Task statement - Given the records below, would you repeat exactly the lines that begin at the one containing "Textured copper planters" and end at the one containing "Soapy glass jars", inclusive?

Items listed in a dataset
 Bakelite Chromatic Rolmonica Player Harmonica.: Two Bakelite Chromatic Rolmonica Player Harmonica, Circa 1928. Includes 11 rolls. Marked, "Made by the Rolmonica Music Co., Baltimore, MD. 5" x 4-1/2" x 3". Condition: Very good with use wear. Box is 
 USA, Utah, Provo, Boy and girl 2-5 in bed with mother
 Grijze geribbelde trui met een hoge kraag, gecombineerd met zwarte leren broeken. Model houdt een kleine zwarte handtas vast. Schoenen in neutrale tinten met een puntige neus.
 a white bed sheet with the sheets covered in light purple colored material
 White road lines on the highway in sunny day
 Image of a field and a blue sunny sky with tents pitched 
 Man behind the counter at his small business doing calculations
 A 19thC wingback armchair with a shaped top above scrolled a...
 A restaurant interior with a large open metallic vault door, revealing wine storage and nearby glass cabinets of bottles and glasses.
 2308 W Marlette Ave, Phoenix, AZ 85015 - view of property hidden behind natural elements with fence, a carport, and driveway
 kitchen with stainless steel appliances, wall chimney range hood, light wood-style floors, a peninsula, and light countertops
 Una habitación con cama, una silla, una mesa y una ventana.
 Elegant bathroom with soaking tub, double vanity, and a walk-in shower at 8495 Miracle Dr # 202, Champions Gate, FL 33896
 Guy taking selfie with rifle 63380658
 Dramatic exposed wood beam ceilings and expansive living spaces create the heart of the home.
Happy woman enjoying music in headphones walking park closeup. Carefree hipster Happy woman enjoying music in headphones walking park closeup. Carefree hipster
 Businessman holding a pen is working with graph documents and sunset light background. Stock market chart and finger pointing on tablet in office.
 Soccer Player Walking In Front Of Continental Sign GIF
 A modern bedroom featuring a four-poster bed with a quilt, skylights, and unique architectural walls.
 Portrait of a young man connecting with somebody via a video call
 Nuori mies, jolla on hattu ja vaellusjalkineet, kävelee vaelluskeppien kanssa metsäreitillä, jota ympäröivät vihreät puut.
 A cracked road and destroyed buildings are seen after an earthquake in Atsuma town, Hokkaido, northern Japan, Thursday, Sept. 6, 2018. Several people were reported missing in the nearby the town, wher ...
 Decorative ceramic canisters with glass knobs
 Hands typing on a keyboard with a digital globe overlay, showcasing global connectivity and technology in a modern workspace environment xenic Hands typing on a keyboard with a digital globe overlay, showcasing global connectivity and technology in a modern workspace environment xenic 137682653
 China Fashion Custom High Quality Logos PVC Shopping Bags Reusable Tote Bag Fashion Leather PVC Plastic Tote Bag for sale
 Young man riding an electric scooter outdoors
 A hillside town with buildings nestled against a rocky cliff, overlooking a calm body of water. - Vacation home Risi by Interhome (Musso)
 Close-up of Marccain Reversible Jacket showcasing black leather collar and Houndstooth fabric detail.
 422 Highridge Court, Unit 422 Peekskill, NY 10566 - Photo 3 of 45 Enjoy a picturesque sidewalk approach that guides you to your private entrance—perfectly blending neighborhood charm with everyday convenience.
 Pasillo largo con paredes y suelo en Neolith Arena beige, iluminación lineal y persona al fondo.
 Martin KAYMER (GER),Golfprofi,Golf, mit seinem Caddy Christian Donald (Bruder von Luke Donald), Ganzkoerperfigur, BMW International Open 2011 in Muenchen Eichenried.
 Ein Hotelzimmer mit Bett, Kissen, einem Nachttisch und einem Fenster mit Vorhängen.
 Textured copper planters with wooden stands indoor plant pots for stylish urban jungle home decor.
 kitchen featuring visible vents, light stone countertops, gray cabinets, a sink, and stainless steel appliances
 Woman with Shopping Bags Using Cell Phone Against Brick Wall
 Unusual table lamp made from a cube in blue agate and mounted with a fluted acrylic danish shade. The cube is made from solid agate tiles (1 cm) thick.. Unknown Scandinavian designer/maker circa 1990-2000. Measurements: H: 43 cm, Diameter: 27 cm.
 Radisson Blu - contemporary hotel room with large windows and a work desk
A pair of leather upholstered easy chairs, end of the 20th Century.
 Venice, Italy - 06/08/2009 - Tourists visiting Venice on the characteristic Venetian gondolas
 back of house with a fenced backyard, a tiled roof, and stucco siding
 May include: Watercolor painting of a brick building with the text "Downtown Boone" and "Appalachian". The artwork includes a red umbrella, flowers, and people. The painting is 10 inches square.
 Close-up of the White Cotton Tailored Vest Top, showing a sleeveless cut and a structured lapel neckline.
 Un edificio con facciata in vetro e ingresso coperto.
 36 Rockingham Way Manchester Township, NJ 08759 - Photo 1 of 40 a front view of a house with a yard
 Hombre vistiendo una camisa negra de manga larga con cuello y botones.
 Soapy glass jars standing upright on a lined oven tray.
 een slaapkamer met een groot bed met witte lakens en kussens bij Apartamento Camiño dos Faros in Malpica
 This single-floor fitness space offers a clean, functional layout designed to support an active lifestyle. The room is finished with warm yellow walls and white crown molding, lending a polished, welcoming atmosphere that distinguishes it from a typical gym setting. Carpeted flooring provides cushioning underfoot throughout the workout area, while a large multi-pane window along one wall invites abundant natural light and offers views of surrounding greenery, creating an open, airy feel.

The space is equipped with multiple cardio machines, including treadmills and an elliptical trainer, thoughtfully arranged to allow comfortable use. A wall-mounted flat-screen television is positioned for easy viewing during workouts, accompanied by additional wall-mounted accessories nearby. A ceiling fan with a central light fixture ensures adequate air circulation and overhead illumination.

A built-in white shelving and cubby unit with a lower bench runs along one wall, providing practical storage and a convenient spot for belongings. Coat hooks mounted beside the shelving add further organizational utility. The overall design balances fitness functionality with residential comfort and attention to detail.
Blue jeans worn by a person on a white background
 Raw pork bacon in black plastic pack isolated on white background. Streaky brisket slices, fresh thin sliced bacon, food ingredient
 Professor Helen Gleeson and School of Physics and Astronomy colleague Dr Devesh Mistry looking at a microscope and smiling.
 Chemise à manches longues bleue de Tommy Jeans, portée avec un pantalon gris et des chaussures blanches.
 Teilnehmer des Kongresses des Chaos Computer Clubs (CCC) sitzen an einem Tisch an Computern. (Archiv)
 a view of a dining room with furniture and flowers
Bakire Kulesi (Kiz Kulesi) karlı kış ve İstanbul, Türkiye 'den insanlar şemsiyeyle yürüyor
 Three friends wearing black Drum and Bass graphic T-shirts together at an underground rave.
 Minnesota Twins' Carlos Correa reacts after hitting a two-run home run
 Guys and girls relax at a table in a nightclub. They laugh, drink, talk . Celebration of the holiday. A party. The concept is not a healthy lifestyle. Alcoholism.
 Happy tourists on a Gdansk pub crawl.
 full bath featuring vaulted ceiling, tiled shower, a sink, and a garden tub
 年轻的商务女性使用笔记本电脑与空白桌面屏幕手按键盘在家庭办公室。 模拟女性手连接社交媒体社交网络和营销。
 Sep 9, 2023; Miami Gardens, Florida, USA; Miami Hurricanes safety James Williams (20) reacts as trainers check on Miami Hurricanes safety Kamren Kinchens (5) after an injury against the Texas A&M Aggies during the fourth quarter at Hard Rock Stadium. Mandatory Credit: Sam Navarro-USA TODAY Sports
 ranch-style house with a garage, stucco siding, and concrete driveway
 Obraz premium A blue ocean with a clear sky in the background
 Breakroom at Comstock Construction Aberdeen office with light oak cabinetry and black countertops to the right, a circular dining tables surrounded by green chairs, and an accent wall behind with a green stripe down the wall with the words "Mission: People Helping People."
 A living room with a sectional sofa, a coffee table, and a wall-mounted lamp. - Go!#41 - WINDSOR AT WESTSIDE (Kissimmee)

Solution to this exercise -
 Textured copper planters with wooden stands indoor plant pots for stylish urban jungle home decor.
 kitchen featuring visible vents, light stone countertops, gray cabinets, a sink, and stainless steel appliances
 Woman with Shopping Bags Using Cell Phone Against Brick Wall
 Unusual table lamp made from a cube in blue agate and mounted with a fluted acrylic danish shade. The cube is made from solid agate tiles (1 cm) thick.. Unknown Scandinavian designer/maker circa 1990-2000. Measurements: H: 43 cm, Diameter: 27 cm.
 Radisson Blu - contemporary hotel room with large windows and a work desk
A pair of leather upholstered easy chairs, end of the 20th Century.
 Venice, Italy - 06/08/2009 - Tourists visiting Venice on the characteristic Venetian gondolas
 back of house with a fenced backyard, a tiled roof, and stucco siding
 May include: Watercolor painting of a brick building with the text "Downtown Boone" and "Appalachian". The artwork includes a red umbrella, flowers, and people. The painting is 10 inches square.
 Close-up of the White Cotton Tailored Vest Top, showing a sleeveless cut and a structured lapel neckline.
 Un edificio con facciata in vetro e ingresso coperto.
 36 Rockingham Way Manchester Township, NJ 08759 - Photo 1 of 40 a front view of a house with a yard
 Hombre vistiendo una camisa negra de manga larga con cuello y botones.
 Soapy glass jars standing upright on a lined oven tray.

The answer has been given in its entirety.